Quali le sfide per la democrazia nel più grande anno elettorale della storia?

«Le elezioni di per sé non sono sinonimo di democrazia, sono solo un indicatore tra i tanti. I dati ci dicono che più della metà della popolazione mondiale vive in Paesi non democratici e che da circa un ventennio è iniziato un declino progressivo in diversi Paesi. La sfida pertanto riguarda la tenuta dei regimi democratici e va posta un’attenzione particolare ai Paesi con una democrazia consolidata nel tempo come gli Stati Uniti: con Trump, i rischi per la democrazia sono più consistenti rispetto alle elezioni del 2016».

È da poco uscito il volume da lei curato “La democrazia: concetti, attori, istituzioni”: come si misura lo stato di salute di una democrazia?

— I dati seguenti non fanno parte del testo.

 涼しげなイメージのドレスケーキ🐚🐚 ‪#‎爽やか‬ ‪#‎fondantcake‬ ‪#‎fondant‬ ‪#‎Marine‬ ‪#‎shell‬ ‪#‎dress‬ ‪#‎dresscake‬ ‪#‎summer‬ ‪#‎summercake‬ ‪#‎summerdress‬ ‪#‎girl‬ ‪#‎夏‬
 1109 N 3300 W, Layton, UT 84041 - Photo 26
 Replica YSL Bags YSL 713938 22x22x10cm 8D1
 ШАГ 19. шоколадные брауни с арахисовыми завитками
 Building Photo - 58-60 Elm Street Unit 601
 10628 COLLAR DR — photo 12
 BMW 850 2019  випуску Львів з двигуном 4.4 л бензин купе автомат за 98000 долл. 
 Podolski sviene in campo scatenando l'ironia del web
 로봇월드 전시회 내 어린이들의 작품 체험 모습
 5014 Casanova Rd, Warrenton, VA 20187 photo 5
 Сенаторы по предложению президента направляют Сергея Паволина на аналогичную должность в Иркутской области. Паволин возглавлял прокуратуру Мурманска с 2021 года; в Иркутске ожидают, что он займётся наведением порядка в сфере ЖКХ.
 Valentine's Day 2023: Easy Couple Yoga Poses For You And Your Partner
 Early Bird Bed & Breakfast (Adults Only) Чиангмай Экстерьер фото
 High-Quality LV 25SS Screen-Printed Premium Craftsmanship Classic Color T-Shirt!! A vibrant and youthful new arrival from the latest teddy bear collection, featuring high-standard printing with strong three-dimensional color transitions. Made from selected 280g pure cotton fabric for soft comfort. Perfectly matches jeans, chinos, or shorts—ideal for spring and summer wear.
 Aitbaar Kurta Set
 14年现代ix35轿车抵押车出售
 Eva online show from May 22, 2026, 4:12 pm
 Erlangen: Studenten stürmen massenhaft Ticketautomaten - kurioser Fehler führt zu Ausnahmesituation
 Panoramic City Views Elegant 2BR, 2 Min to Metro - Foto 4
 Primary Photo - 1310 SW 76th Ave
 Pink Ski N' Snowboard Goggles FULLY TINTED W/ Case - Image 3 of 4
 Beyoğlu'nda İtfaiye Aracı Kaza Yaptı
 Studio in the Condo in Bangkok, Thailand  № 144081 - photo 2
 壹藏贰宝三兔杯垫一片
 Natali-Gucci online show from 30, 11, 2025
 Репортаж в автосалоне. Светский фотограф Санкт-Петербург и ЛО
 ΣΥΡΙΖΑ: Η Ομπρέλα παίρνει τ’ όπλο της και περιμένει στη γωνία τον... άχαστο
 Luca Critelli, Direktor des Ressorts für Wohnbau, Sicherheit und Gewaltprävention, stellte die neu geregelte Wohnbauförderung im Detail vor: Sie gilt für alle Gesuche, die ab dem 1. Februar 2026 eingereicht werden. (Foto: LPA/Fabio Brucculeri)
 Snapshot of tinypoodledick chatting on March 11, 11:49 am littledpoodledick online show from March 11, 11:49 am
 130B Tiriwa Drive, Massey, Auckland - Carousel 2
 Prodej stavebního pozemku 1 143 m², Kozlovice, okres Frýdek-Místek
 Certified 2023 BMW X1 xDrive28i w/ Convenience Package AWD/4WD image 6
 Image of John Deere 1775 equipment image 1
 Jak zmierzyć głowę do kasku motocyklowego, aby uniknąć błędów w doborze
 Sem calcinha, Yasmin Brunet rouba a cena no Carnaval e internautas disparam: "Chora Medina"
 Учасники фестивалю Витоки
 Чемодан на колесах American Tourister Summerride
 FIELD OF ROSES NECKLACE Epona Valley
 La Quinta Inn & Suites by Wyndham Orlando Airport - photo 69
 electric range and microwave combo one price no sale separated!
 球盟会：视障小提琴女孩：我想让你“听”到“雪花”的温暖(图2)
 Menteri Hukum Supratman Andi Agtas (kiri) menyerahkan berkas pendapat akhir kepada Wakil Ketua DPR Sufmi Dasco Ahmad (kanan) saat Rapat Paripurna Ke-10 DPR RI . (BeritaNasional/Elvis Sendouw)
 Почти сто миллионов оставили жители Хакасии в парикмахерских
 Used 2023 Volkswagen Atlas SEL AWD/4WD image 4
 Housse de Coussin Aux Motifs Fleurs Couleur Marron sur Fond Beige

«La democrazia rappresentativa è liberale e pone al centro la libertà degli individui. I primi indicatori riconosciuti sono due: la libertà degli individui; un’efficace ripartizione dei poteri. A tal riguardo, le forme di governo possono essere diverse ma è fondamentale la tutela della piena indipendenza delle istituzioni e quindi della piena separazione dei poteri».

Quanto peserà l’astensionismo sul voto europeo?

«Fino alle elezioni del 2019 c’è stata una progressiva perdita di attenzione da parte di cittadine e cittadini; il 2019 è stato in controtendenza per una maggiore partecipazione dei giovani e anche per la presenza di partiti neopopulisti che sono riusciti a riportare alle urne chi non votava per sfiducia nelle forze politiche tradizionali. Nel 2024 la sfiducia è ancora presente, ci sono più partiti neopopulisti ma al tempo stesso non sono una novità: mi aspetto non un crollo ma una leggera flessione nell’affluenza».

La candidatura di Meloni e Schlein alle Europee può portare più italiani alle urne?

«La partecipazione di leader riconosciuti è un incentivo a partecipare, quella tra Schlein e Meloni è una sfida per la leadership nel proprio campo per entrambe: per la prima anche per quel che riguarda la coalizione con i Cinque Stelle, per la seconda anche per dimostrare che non è stata scalfita dal risultato regionale sardo. Dovrebbe portare a un incremento della partecipazione».

Vale anche per le Regionali?

«Se a livello europeo la lettura che vede la partecipazione al voto legata alla politica nazionale è corretta, per le elezioni regionali spesso non è così. L’esito elettorale in Sardegna ad esempio dipende in larga misura dalla politica regionale: da una parte c’era una frattura nel centrodestra e un’indecisione fino all’ultimo sul candidato, dall’altra una alleanza coesa attorno a una candidata di indubbio valore che ha portato il dibattito sulle opzioni di sviluppo locale».

Tornando agli Usa, per gli osservatori a decidere l’esito del voto saranno gli elettori scontenti: è così?

«In un sistema bipartitico e presidenziale come quello Usa sono quasi sempre gli scontenti a decidere le elezioni. Oggi il contesto è quello di un aumento della polarizzazione politica. Per Trump notiamo l’estremizzazione delle caratteristiche di un partito non accettata da molti simpatizzanti e sarà l’intensità di questa scontentezza a decidere le elezioni. Gli scontenti faranno la differenza e se la Haley si candiderà come indipendente potrebbe cambiare il gioco e rubare voti importanti al candidato repubblicano».

Nel suo volume sul neopopulismo, sostiene che non vada usato come termine spregiativo: mi spiega?

«Il neopopulismo è un fenomeno diffuso in tutto il mondo democratico e va compreso prima che criticato. È un mondo eterogeneo che riguarda partiti diversi, da Podemos ai Cinque Stelle, alla Le Pen. Risponde a esigenze emerse nel corso degli ultimi vent’anni non considerate debitamente dai partiti tradizionali che riscuotevano una fiducia sempre più scarsa. Il successo del neopopulismo si spiega grazie alla sfiducia crescente per la politica tradizionale, è una risposta alle richieste dell’elettorato e in diversi casi ha aiutato la democrazia. Il neopopulismo quindi non è un colpo mortale per la democrazia: è l’esito della crisi democratica durata vent’anni che può offrire strumenti alla democrazia per rispondere meglio alle richieste dell’elettorato. È solo in contesti democratici non consolidati che il neopopulismo costituisce una minaccia per la democrazia».